Retrato do desmoronar completo da sociedade causado pela cegueira que aos poucos assola o mundo, reduzindo-o ao obscurantismo de meros seres extasiados na busca incessante pelo poder. Crítica pura às facetas básicas da natureza humana encarada como uma crise epidémica. Mais do que olhar, importa reparar no outro. Só dessa forma o homem se humaniza novamente. Caso contrário, continuará uma máquina insensível que observa passivamente o desabar de tudo à sua volta. 

(José Saramago)

sexta-feira, 1 de outubro de 2010

Gelo e Altas Montanhas


Quem sabe respirar o ar forte de meus escritos sabe que é um ar da altitude, um ar forte. É preciso ser feito para ele, senão o perigo de se resfriar não é pequeno. O gelo está perto, a solidão é descomunal — mas com que tranqüilidade estão todas as coisas à luz! Com que liberdade se respira!
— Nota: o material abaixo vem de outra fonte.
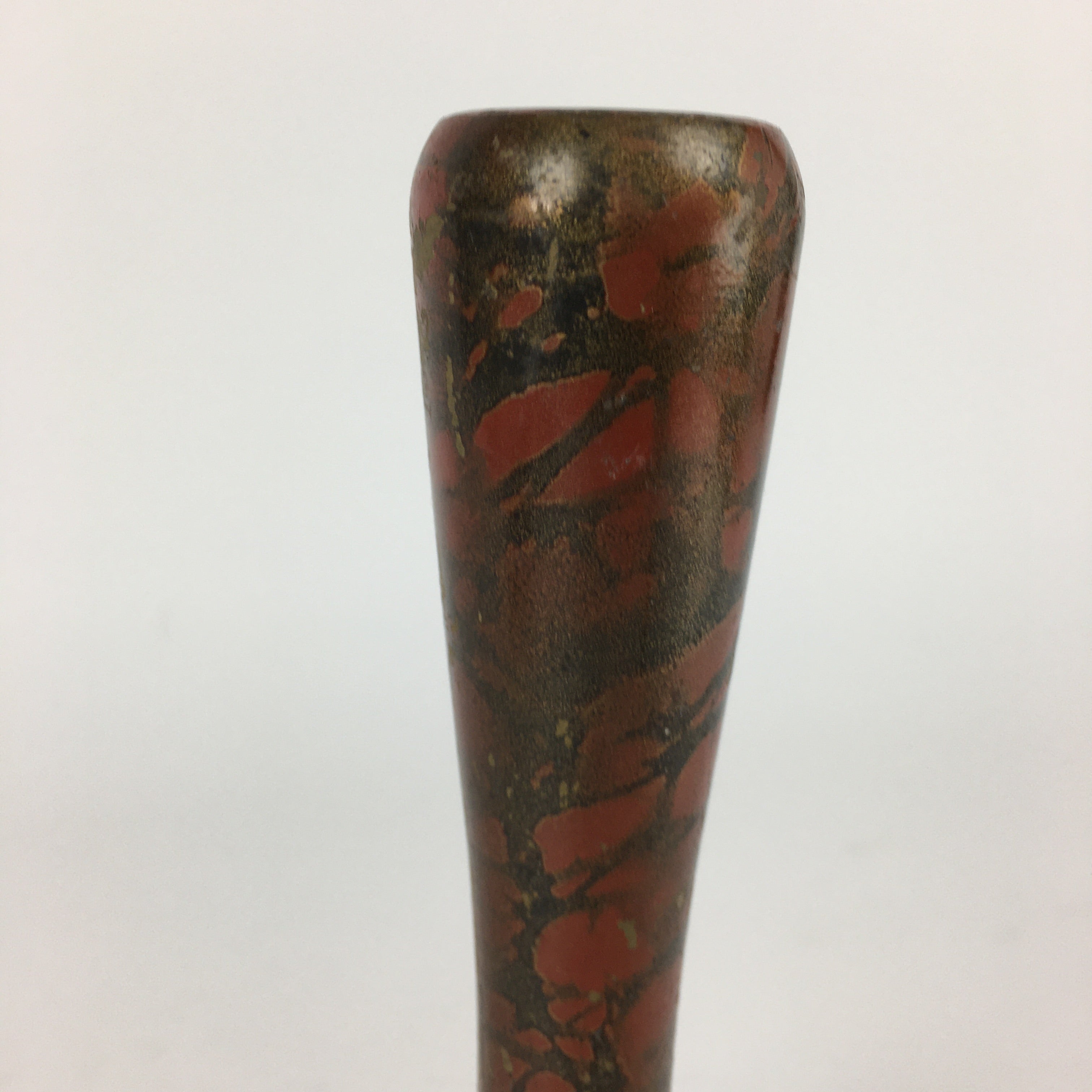 Japanese Copper Flower Vase Vtg Metal Kabin Ikebana Arrangement Red FV956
Quanto se sente abaixo de si! — filosofia, tal como até agora entendi e vivi, é a vida voluntária em gelo e altas montanhas — a procura por tudo o que é estrangeiro e problemático na
existência, por tudo aquilo que até agora foi exilado pela moral. De uma longa experiência que me foi dada por andanças pelo proibido, aprendi a considerar as causas pelas quais até agora se moralizou e idealizou, de modo muito diferente do que seria desejável: a história escondida dos filósofos, a psicologia de seus grandes nomes, veio à luz para mim.